The GOP's Rand Paul Problem
Rand Paul's repeated criticisms of intervention in the Middle East have proven to be a thorn in the side for those who want to return to the bad old days of invasion and occupation.
In recent weeks the Republicans have tried to portray the chaos in the Middle East as a product of the Obama administration's failures. And with some degree of success as the worse things have gotten in Iraq the lower President Obama's approval rating on foreign policy have gotten. But as usual the Republicans have also over-played their hand, when they tried to pretend that our leaving Iraq was the cause, and not the nearly ten years of occupation and war.
Rand Paul made the point today on CNN that in our efforts to remove despots in Iraq, Libya, and Syria we've created "jihadist wonderlands" throughout the Middle East.
RAND PAUL: "We went into Libya and we got rid of that terrible Qaddafi, now it's a jihadist wonderland over there. There's jihadists everywhere. If we were to get rid of Assad it would be a jihadist wonderland in Syria. It's now a jihadist wonderland in Iraq, precisely because we got over-involved."
It's a point that's hard to refute.
And while Rand Paul disagrees with other Republicans that ISIS currently poses a threat to the United States, that they're too busy being embroiled in what amounts to a civil war that the U.S. has no business being part of.
RAND PAUL: "You have to ask yourself, are you willing to send your son, am I willing to send my son to retake back a city, Mosul, that they weren't willing to defend themselves? I'm not willing to send my son into that mess."
And here Paul drives home the point that even Republicans have had to admit: no one wants "boots on the ground", American troops in the middle of someone else's civil war.

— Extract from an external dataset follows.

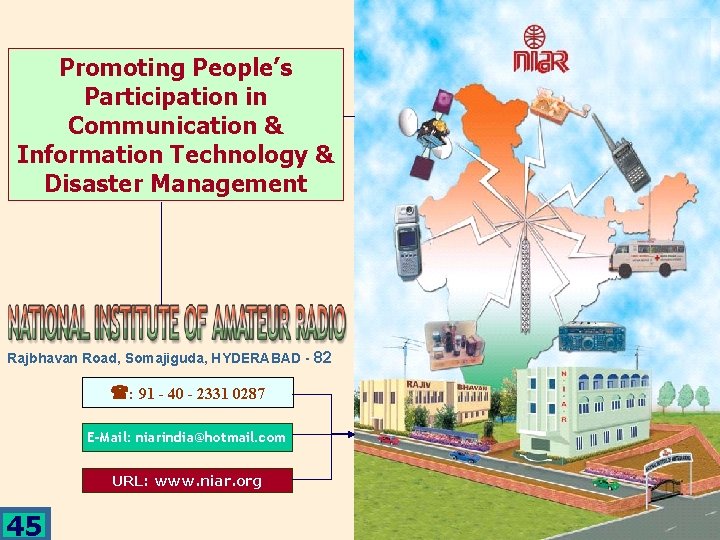 Promoting People’s Participation in Communication & Information Technology & Disaster Management Rajbhavan Road, Somajiguda,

Dick Cheney and others have called Rand Paul, like his father, an isolationist, as Cheney said again on another Sunday morning show. The younger, more politically adept and ambitious Paul though, is not the absolutist his father is, accepting air strikes if required and further measures if circumstances dictate.
The other major difference from his father is that Rand Paul is considered one of the serious contenders for the presidential nomination from the Republican Party. It was all too easy to dismiss Ron Paul as a "crank", not so much with the son.
Going forward, with Americans overwhelmingly opposed to ground troops and hostile to more overt military action in the Middle East, and Rand Paul's profile only expected to grow as the presidential race comes into sharper focus next year, his ascendency will only cause further problems for the hawks among his party.
This should be fun to watch. It already is.